▶ **HOW TO COMPLETE THIS TASK**:
The material below holds the lines to copy: from the one with "Third Period Sinks" up to and including the one with "王者荣耀的地图怎么画 王者荣耀地图绘制解析". Copy them exactly and skip the pictures.
--- MATERIALS PROVIDED ---
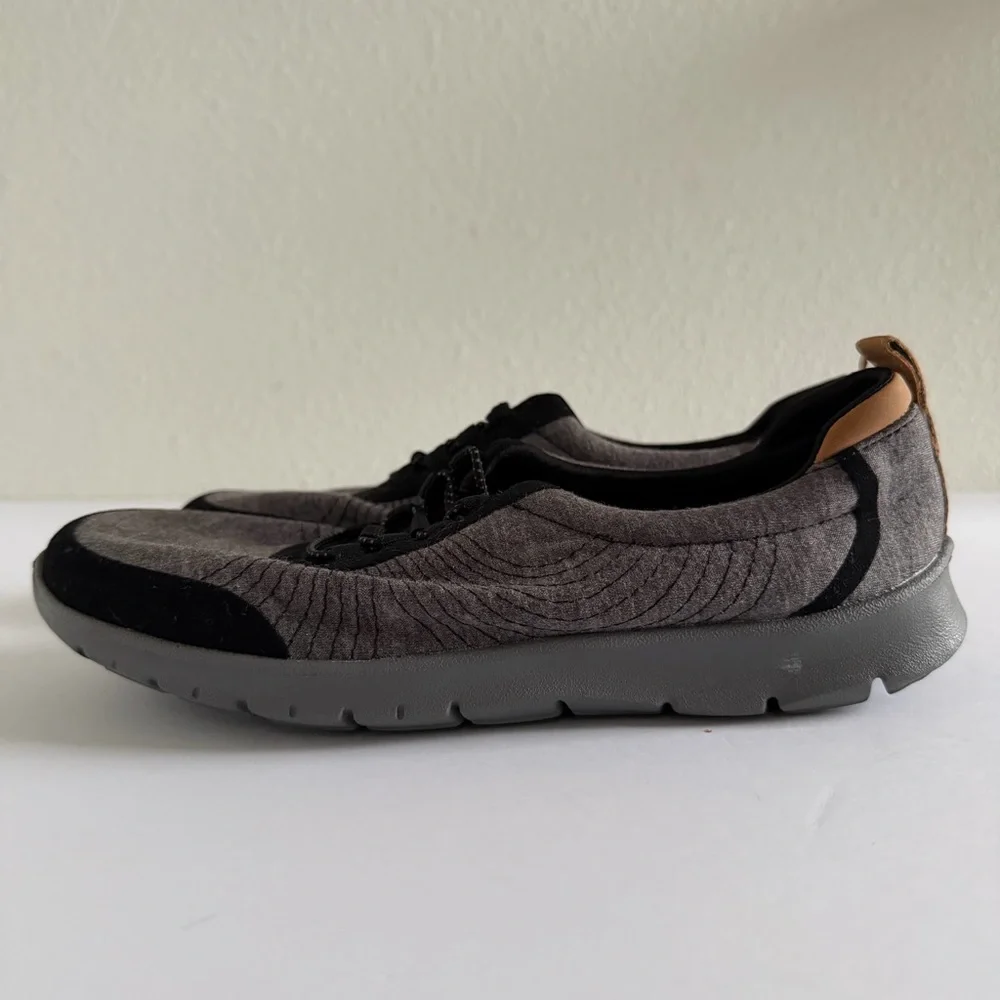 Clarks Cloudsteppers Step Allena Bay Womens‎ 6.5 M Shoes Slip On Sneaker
---
--- MATERIALS PROVIDED ---
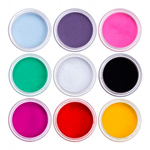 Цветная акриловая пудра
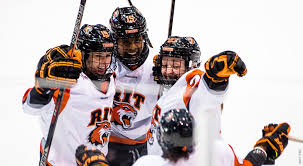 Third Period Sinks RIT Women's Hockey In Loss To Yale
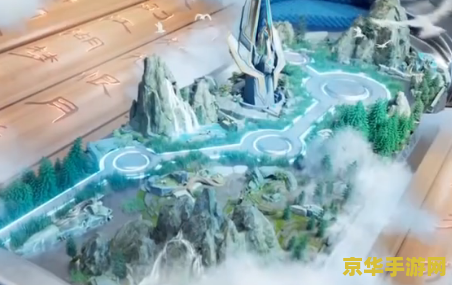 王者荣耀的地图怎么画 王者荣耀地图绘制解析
---
--- MATERIALS PROVIDED ---
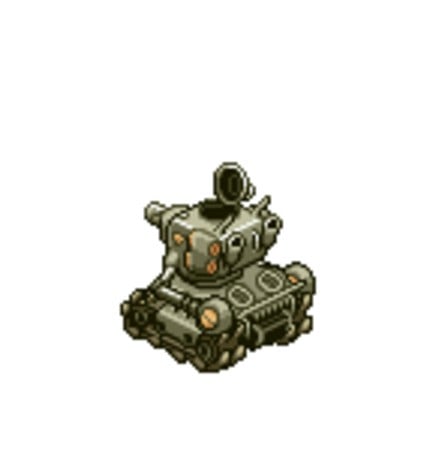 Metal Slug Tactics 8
---
▶ **SOLUTION FOR THIS EXERCISE**:
 Third Period Sinks RIT Women's Hockey In Loss To Yale
 王者荣耀的地图怎么画 王者荣耀地图绘制解析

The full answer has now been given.